I’d like to think I’m pretty resourceful. Like, for instance, if someone goes and drops a $20 bill in a dark bar in Manhattan in 2006 when I’m so poor I have to regularly weigh the pros and cons of buying either soap or contact solution since buying both would overdraft my account, then I’ll help myself to said neglected Mr. Jackson and buy both. Oh, the luxury. Those were the days.
Since those days of making maraschino cherries and green olives my dinner on occasion (3x/week), I’ve lost my resourcefulness. I’m not mourning the time when I shared a studio with a 35-year-old Yugoslavian (RIP) divorcee who was recently unemployed and charged me $1200 to take the bed while she slept 6 feet away on the couch, but it did make me scrappy.
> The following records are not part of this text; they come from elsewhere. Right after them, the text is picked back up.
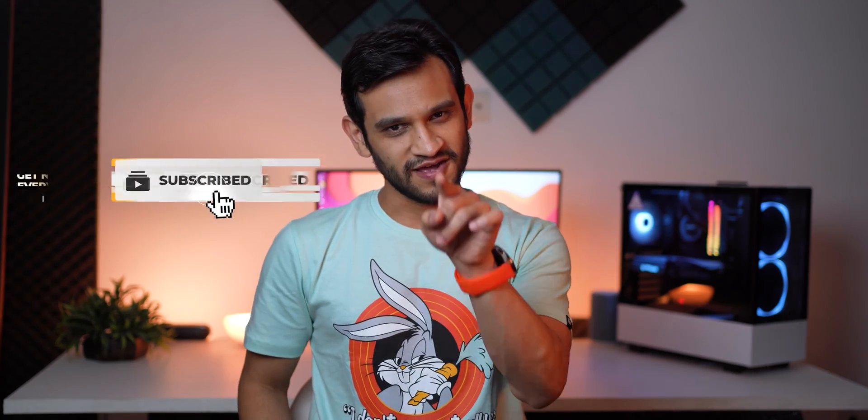Thanks for watching, guys. If you've got any questions, feel free to drop them in the comments section below. And as always, don't forget to hit that like button, subscribe to the channel, and hit that bell notification icon. I'll see you guys in the next one.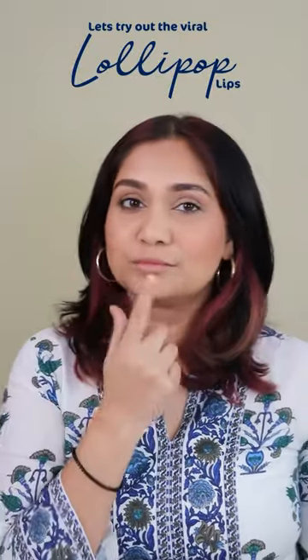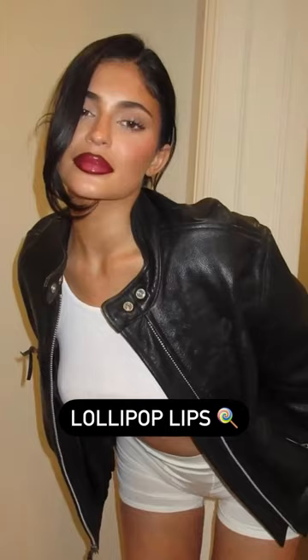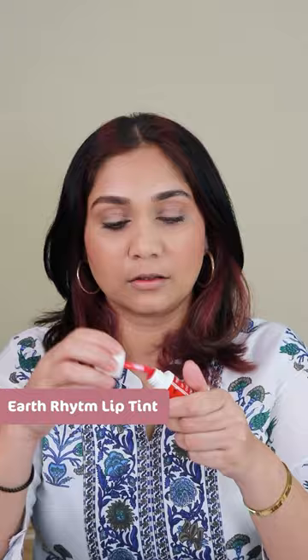Today, Lollipop Lips is trending and I thought let me give it a try. First of all, don't apply lip stain — you need a little bit of color. Spread it on your lips, and if it is extra, move it. Then we need a dark color lip liner.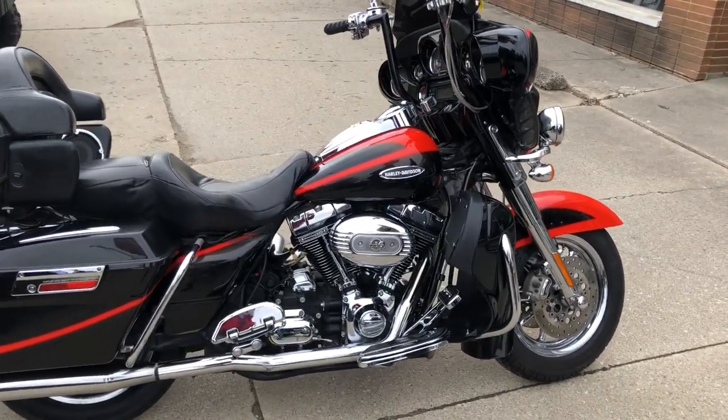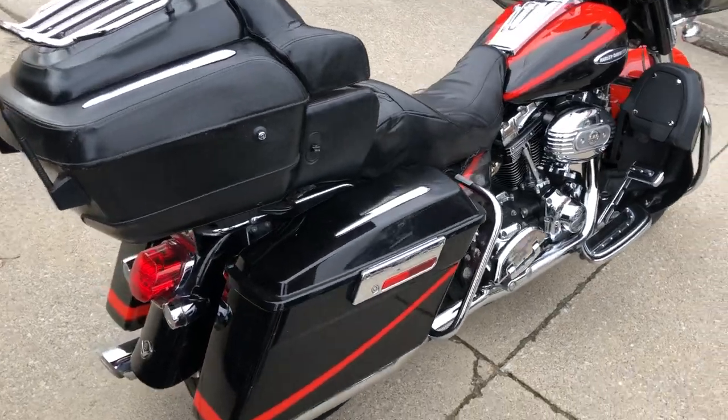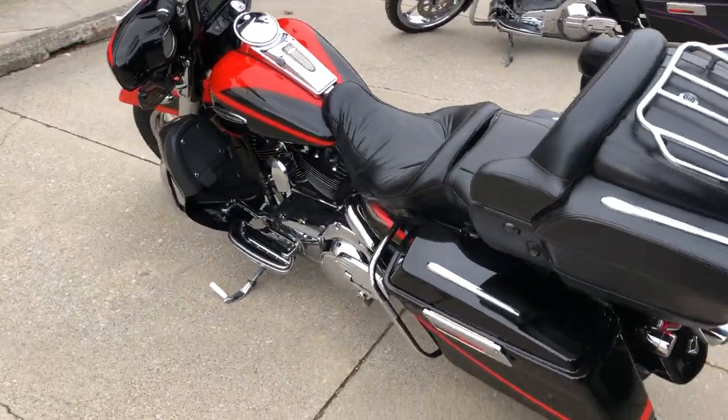Hey guys, ApprovalPowerSports.com here doing some videos on some stuff that just came in. This one here, 2007 Screaming Eagle for sale. It's got that 110 cubic inch motor with a Stage 1 kit, Screaming Eagle intake, dual Vance and Hines exhaust.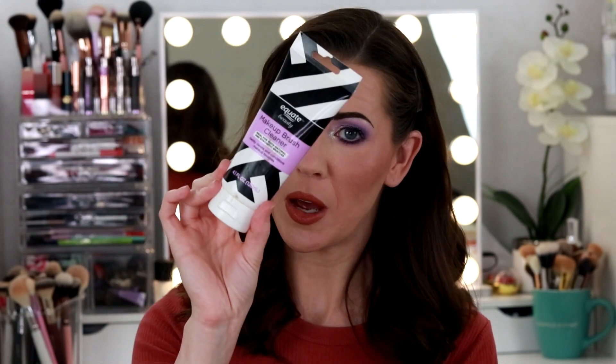The next product is also a brush cleanser, but this is an actual makeup brush cleanser — just the Equate brand, like the Walmart brand. This one was okay; it wasn't my favorite. I much preferred the Glam Glow for cleaning my brushes and sponges. But it did the trick and I used it all up.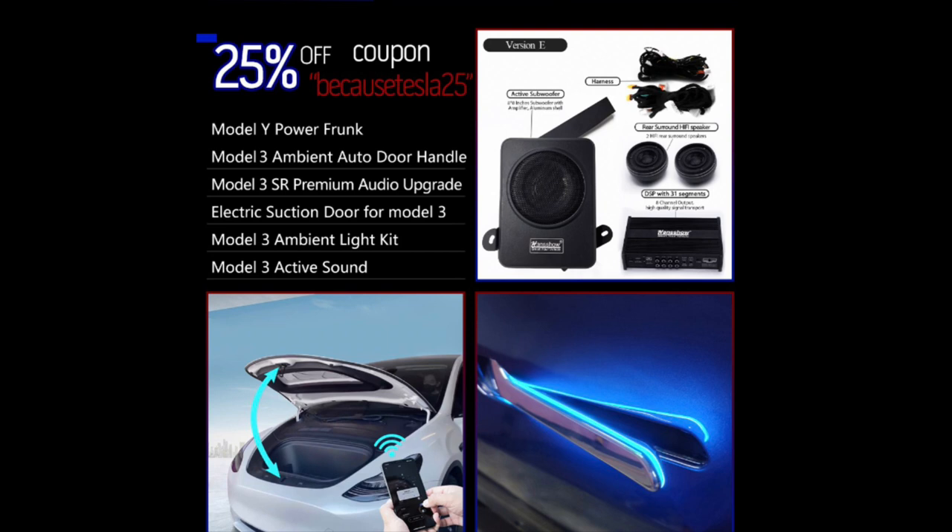They have the electric suction door for the Model 3, which is basically like fancy soft-close kitchen cabinets — you push the door and it soft-closes so it doesn't slam shut. They also make an Ambient Light Kit, which is an interior light kit where you can change the colors of the interior lighting — just a mood setter. And then there's the Model 3 Active Sound, which are basically electric mufflers that go under the back bumper and create the sound of an engine — like a V12 or a V8, whatever you want to program it as. It's just a fun thing, not something to take too seriously.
How happy could I be in a bad situation that was only growing worse as my roommate began to resent my starry eyed New York infatuation? Extremely, apparently. I remember telling my friend that since moving to New York “every day feels like I’m on vacation.” Bizarre.
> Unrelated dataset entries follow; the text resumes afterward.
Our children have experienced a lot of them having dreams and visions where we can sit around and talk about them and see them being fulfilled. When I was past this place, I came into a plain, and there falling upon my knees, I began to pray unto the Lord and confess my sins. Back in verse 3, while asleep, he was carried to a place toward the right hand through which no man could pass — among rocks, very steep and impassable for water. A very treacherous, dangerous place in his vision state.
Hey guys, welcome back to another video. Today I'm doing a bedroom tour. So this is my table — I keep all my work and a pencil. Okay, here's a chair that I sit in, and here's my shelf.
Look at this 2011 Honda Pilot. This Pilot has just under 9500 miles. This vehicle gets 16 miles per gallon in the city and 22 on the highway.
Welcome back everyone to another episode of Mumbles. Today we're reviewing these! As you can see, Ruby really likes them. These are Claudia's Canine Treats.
I made the most of several bad situations back then, but damnit if there isn’t an inmate at San Quentin State Prison who’s, like, handing my ass to me. Curtis Carroll, or “Wall Street” as he’s known in prison, was homeless for most of his youth and illiterate when he got locked up at 17 years old. I heard his story on NPR and was all “damn, he’s crushing it on the inside.”
Wall Street taught himself to read since coming across the financial section in the newspaper. He thought it was sports (snore) and found out is was actually economics (funsies)! He’s now teaching financial literacy lessons to like 70 inmates a week, and apparently prison Corrections Officers seek his advice too. If I’ve learned anything from The Shawshank Redemption and Orange is the New Black (and I totes have), it’s that often inmates struggle to face life on the outside after being inside for several decades. Not only is there an initial shock acclimating to a not-so-controlled environment, but they often have no resources to even start an honest life. They’re given $200 to live off of, which I’m pretty sure is the cost of rent in, like, rural South Dakota amongst cornstalks and Mt Rushmore. Just. not. ok.
As Wall Street says “It’s like, ‘Good luck. We’re gonna pray for you. Stay out of prison.'” So anyways, I think what he’s doing is crazy inspiring. He wants to earn a great deal of money and then give it all away to charity like Warren Buffet and Bill Gates to go back and help fix the things he’s destroyed. How dreamy is that? Talk about making the most out of a shit situation. Thanks for handing my ass to me, Wall Street. Keep on crushing it on the inside.